A divergência dos valores quase implodiu o acordo entre o Estado e a Vale destinado à reparação dos danos causados pelo colapso da barragem da mineradora em Brumadinho (Grande BH). Quem revela os bastidores dessa complexa negociação é um dos artífices do acordo, o presidente do Tribunal de Justiça de Minas Gerais (TJMG), desembargador Gilson Soares Lemes. Ele concedeu entrevista exclusiva ao site Além do Fato nessa segunda (8). A tragédia de Brumadinho matou 270 pessoas e destruiu o meio ambiente e a economia de Brumadinho e região.
O presidente do TJMG, desembargador Gilson Soares Lemes, concede entrevista ao jornalista Orion Teixeira, reprodução YouTube
“Naquela hora, o acordo quase ruiu. Numa mediação, há sempre momentos de tensão como de consenso. A Vale fez uma oferta de R$ 29,6 bilhões e o governo tinha estimativa de R$ 54 bilhões. Houve intransigência em relação nessa sessão, seja de uma parte ou de outra. Então, na audiência de janeiro, o governo disse que não negociaria mais e não queria novas audiências”, contou o desembargador, classificando o momento de “o mais tenso”. Assista à entrevista na íntegra (abaixo).
Bombeiro da crise
Para sair do impasse, o magistrado assumiu a condição de ‘bombeiro’ e apagou o ‘princípio de incêndio’. Investiu no tempo e intensificou o diálogo. Concedeu mais 15 dias de prazo e conversou com as partes, diariamente, até chegar ao entendimento e fechar o acordo de R$ 37,7 bilhões. “Uma indenização altíssima, o maior acordo feito dentro do Judiciário na América Latina e parece que o segundo do mundo todos. Nós esperamos que atenda a todos os danos causados”, apontou.
O presidente do TJMG convenceu os representantes do Estado, argumentando que, embora estivesse longe dos R$ 54 bilhões, o valor proposto seria pago sem demora. De acordo com ele, seria até desvantajoso receber o valor integral em um processo judicial que durasse 15 anos.
“Se corrigir o valor (de agora) daria mais do que isso (valor solicitado). Por outro lado, há o risco de você não receber, quem sabe qual seria a saúde financeira da companha daqui a 15 anos. Tivemos que apaziguar porque, às vezes, os ânimos ficam mais exaltados numa negociação de valores muito altos e são danos enormes causados ao meio ambiente e a população”, sustentou.

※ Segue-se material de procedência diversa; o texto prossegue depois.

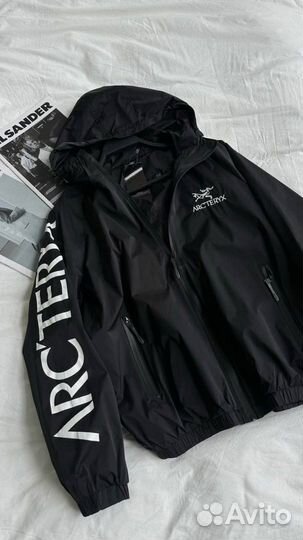 Ветровка Arcteryx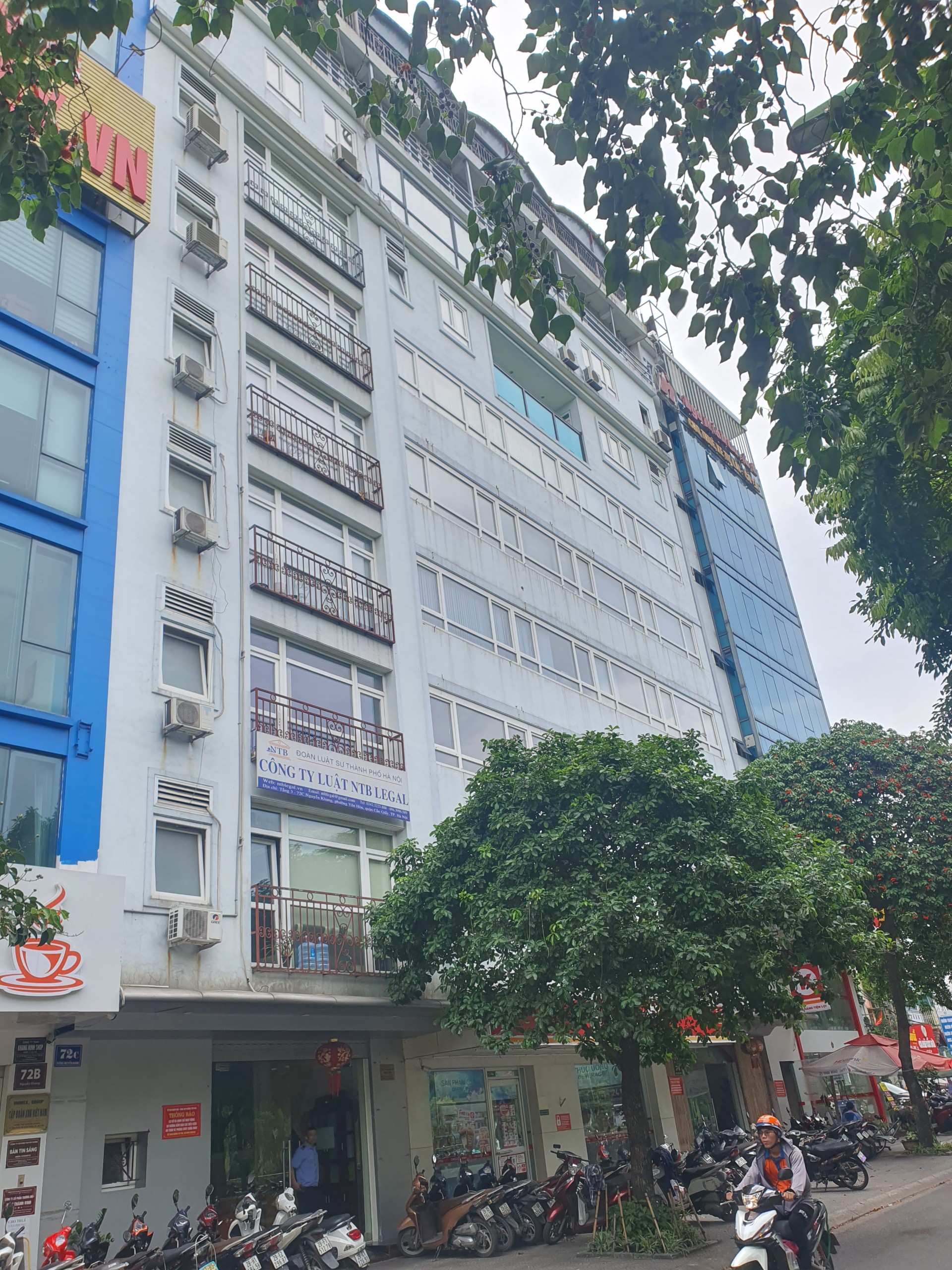 Nhan nhản cơ sở nằm trên trục đường Nguyễn Khang ở Hà Nội vi phạm PCCC - Ảnh 7.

200 horas que evitaram batalha jurídica de 10 anos
Tudo somado, foram cinco meses, sete audiências e 200 horas de negociação que evitaram uma batalha jurídica de 10 anos ou mais. “Negociamos com as partes por cinco meses e conduzimos para uma solução amigável, construída pelas próprias partes. Quando se consegue essa mediação, a decisão é mais efetiva, (eles) cumprem mais efetivamente o que foi acertado”, apontou, afirmando que acordo é mais efetivo do que uma sentença judicial.

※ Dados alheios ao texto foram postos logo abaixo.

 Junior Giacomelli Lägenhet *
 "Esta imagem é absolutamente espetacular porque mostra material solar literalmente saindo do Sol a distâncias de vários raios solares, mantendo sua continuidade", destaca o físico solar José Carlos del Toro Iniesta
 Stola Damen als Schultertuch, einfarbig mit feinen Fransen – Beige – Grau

Adiantou que o modelo da mediação e conciliação é um dos maiores investimentos do Judiciário mineiro com a intenção implantá-lo em toda a Minas Gerais. Hoje, por meio dos Centros Judiciais de Soluções de Conflitos e Cidadania (Cejusc), já está em 200 das 297 comarcas mineiras. “Os conflitos podem ser solucionados dessa forma”.